▶ RAW DATA
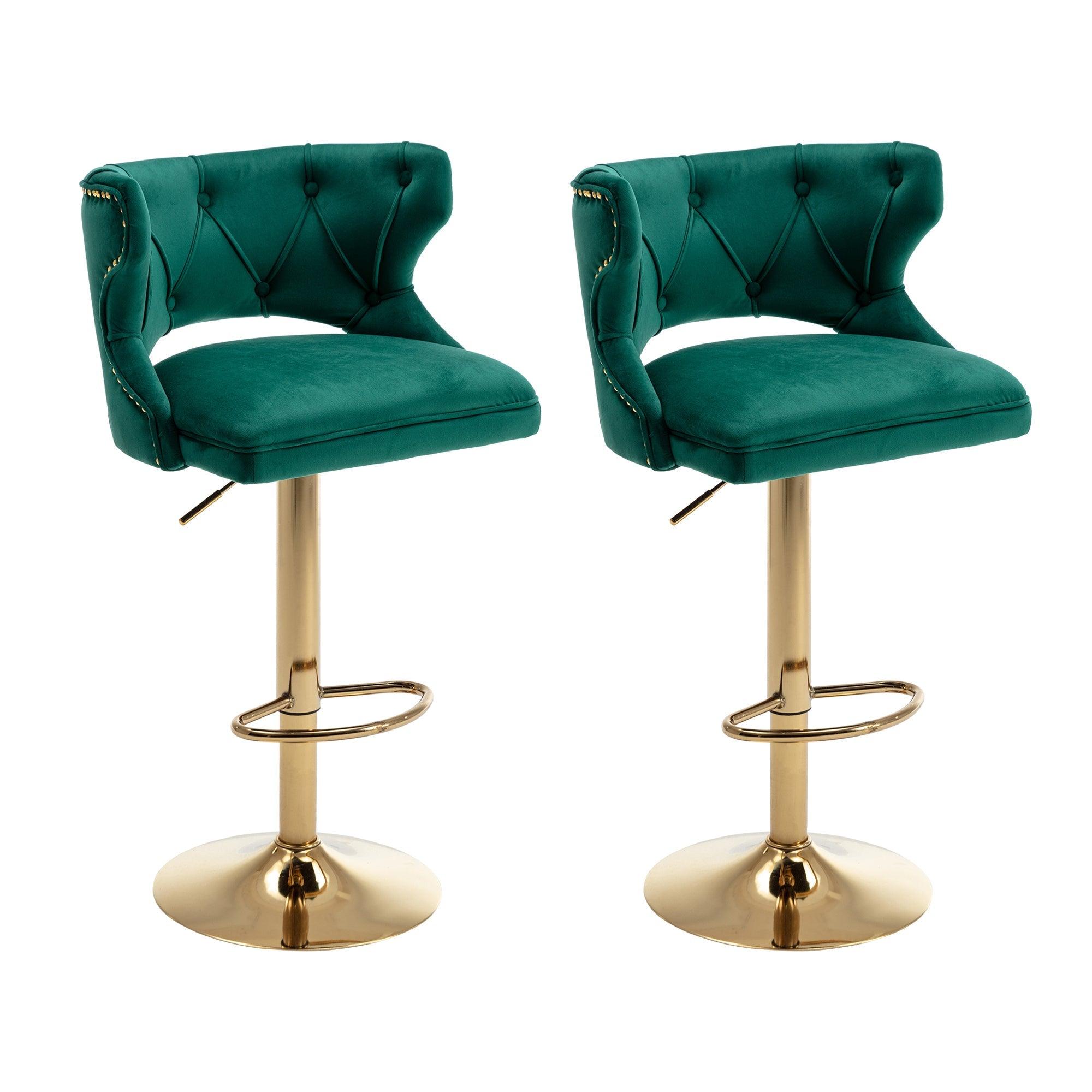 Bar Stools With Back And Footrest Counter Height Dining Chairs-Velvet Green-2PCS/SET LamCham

==

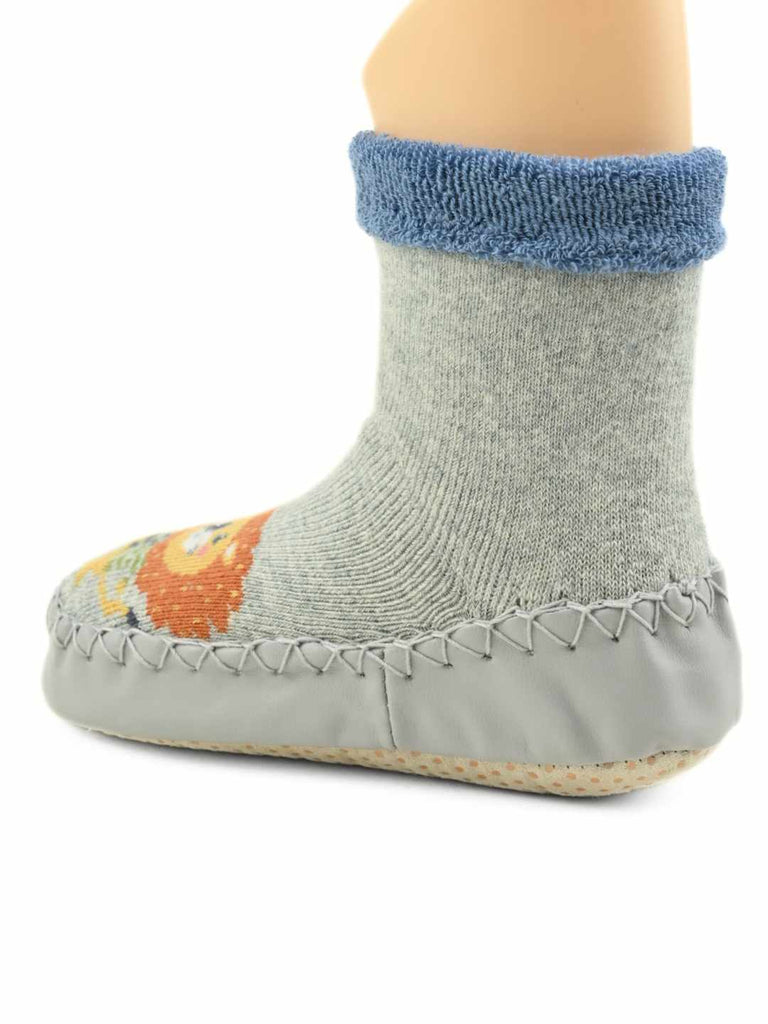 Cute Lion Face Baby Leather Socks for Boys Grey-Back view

* * *

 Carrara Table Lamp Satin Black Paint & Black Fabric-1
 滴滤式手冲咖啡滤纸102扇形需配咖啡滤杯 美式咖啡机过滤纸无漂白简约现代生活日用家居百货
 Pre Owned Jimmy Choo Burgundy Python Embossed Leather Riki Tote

▶ REQUIREMENT
The reply should hold only the lines of the listing above starting at the line containing "Carrara Table Lamp" and ending at the line containing "Pre Owned Jimmy", exactly as written.

▶ FINAL ANSWER
 Carrara Table Lamp Satin Black Paint & Black Fabric-1
 滴滤式手冲咖啡滤纸102扇形需配咖啡滤杯 美式咖啡机过滤纸无漂白简约现代生活日用家居百货
 Pre Owned Jimmy Choo Burgundy Python Embossed Leather Riki Tote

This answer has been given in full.